▸ **Task to carry out**
After finding the line that holds "Van por un convenio" below, set down that line and the rest through the final one exactly, leaving the pictures out.

Caption-style text data
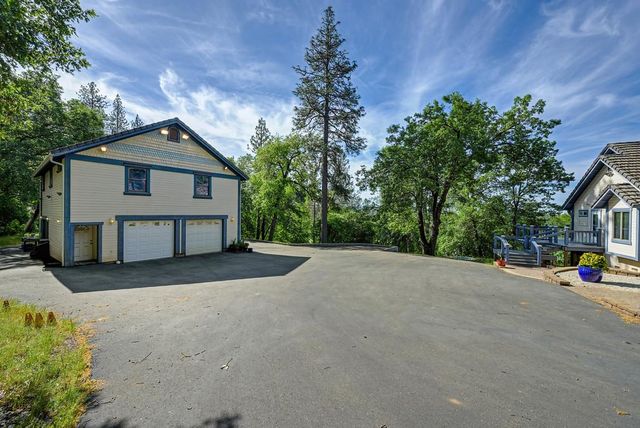 3120 Verde Robles Ct, Camino, CA 95709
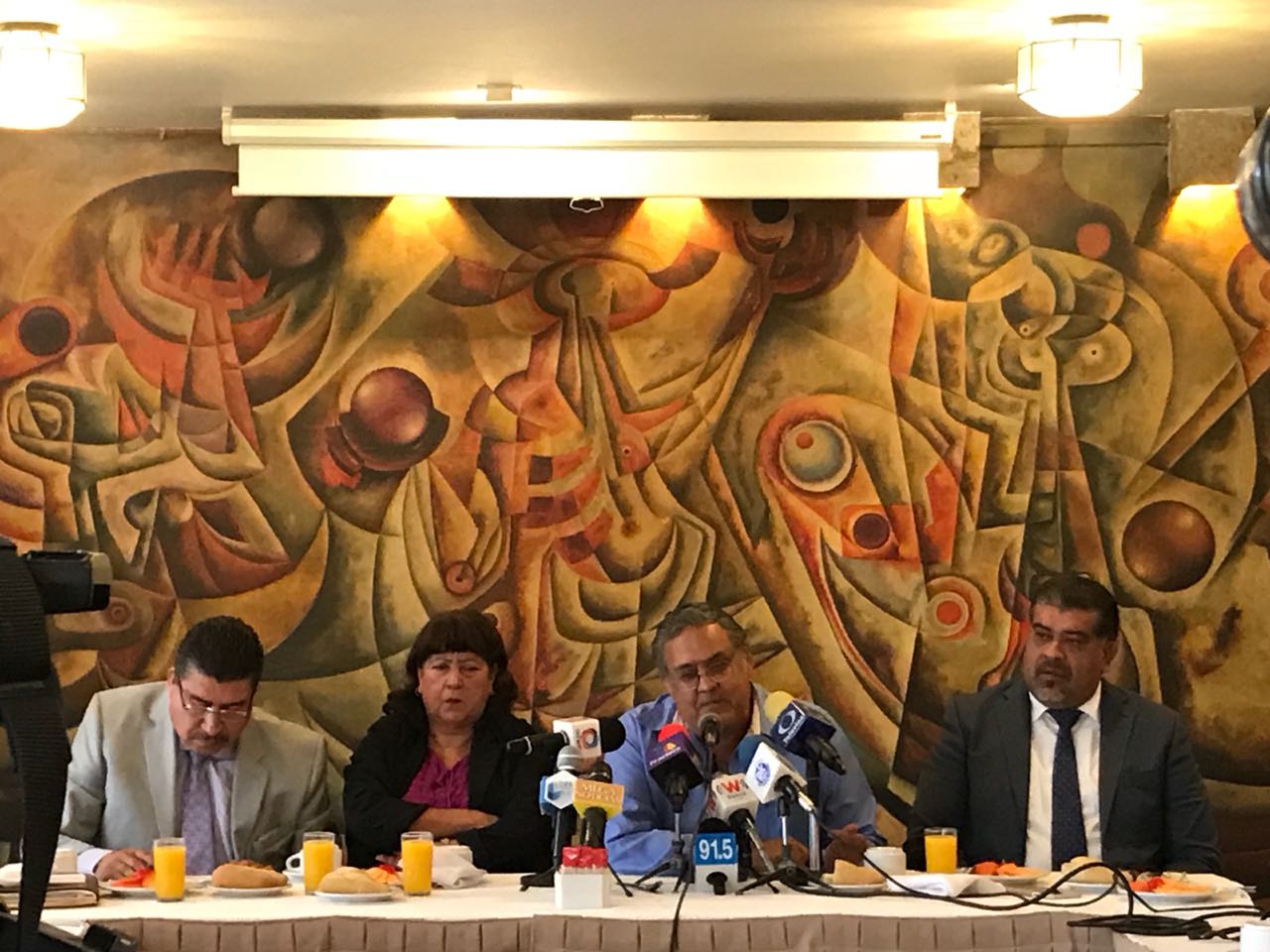 Van por un convenio de pago que contempla la resolución que emitió la Suprema Corte de la Nación. (Elsa Martha)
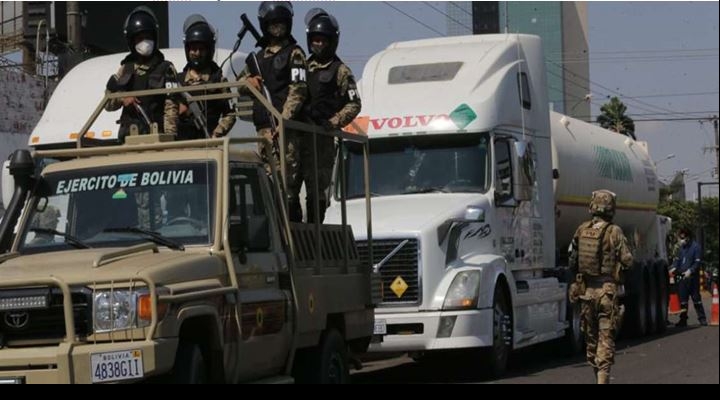 Caravana de camiones escoltados con 66 toneladas de oxígeno parte de Santa Cruz al occidente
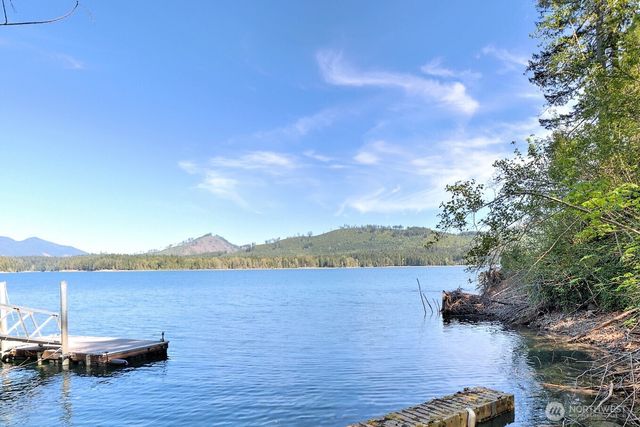 2070 W Cushman Ridge Drive, Hoodsport, WA 98548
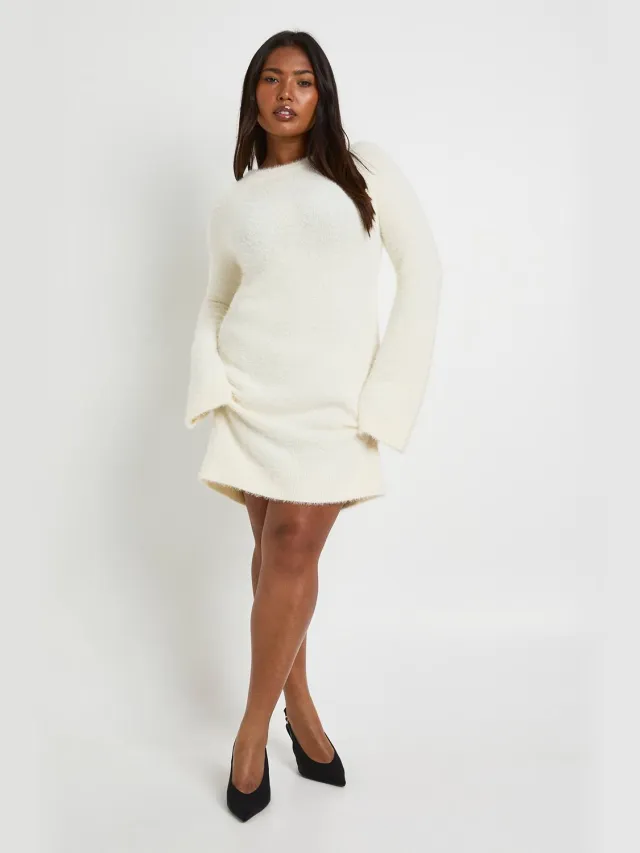 boohoo Dames Plus Strik Rugdetail Superzachte Gebreide Jurk Ivoor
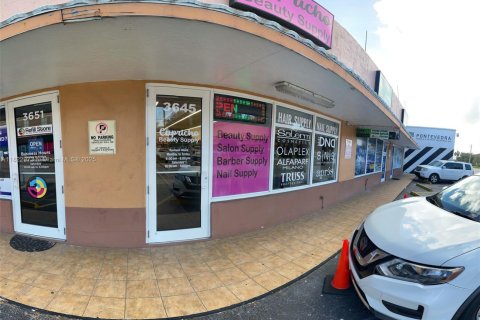 Commercial property in Hialeah, Florida № 1787193 - photo 14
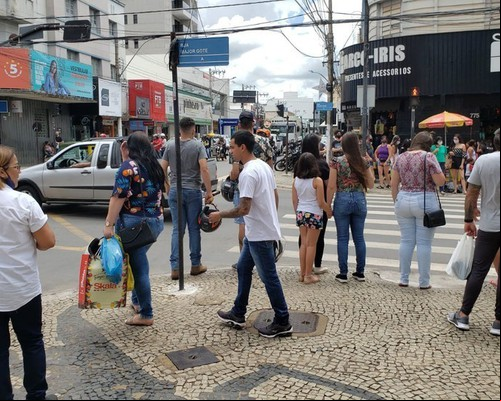 Mulher é presa em flagrante após furtar itens em loja no Centro e voltar para cometer novo crime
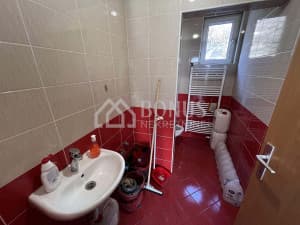Warehouse in the business zone in Zenica photo 8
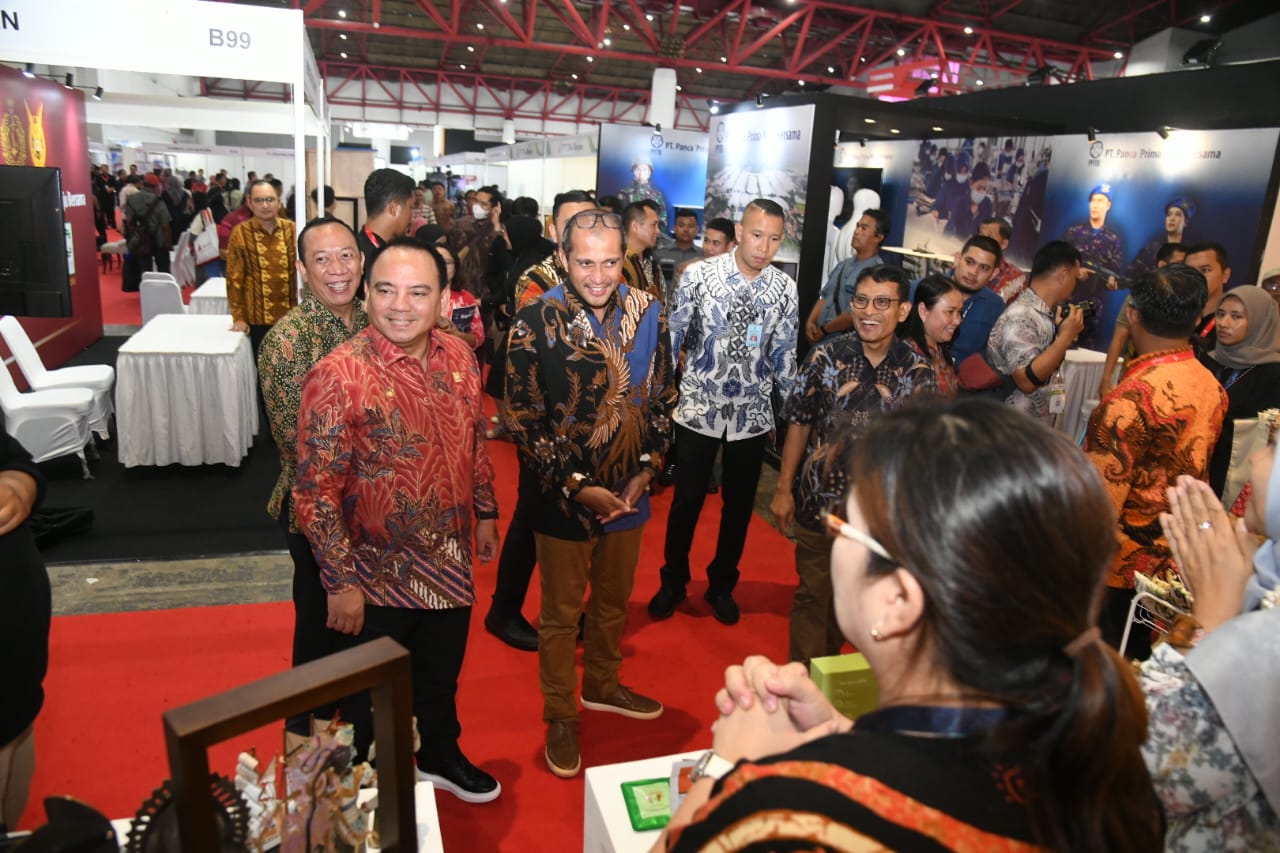 Wakil Menteri Hukum dan Hak Asasi Manusia (Wamenkumham), Edward Omar Sharif Hiariej menutup secara resmi kegiatan Temu Bisnis Tahap VI di Jakarta International (JI) Expo, Jakarta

▸ **Solution to this task**
 Van por un convenio de pago que contempla la resolución que emitió la Suprema Corte de la Nación. (Elsa Martha)
 Caravana de camiones escoltados con 66 toneladas de oxígeno parte de Santa Cruz al occidente
 2070 W Cushman Ridge Drive, Hoodsport, WA 98548
 boohoo Dames Plus Strik Rugdetail Superzachte Gebreide Jurk Ivoor
 Commercial property in Hialeah, Florida № 1787193 - photo 14
 Mulher é presa em flagrante após furtar itens em loja no Centro e voltar para cometer novo crime
Warehouse in the business zone in Zenica photo 8
 Wakil Menteri Hukum dan Hak Asasi Manusia (Wamenkumham), Edward Omar Sharif Hiariej menutup secara resmi kegiatan Temu Bisnis Tahap VI di Jakarta International (JI) Expo, Jakarta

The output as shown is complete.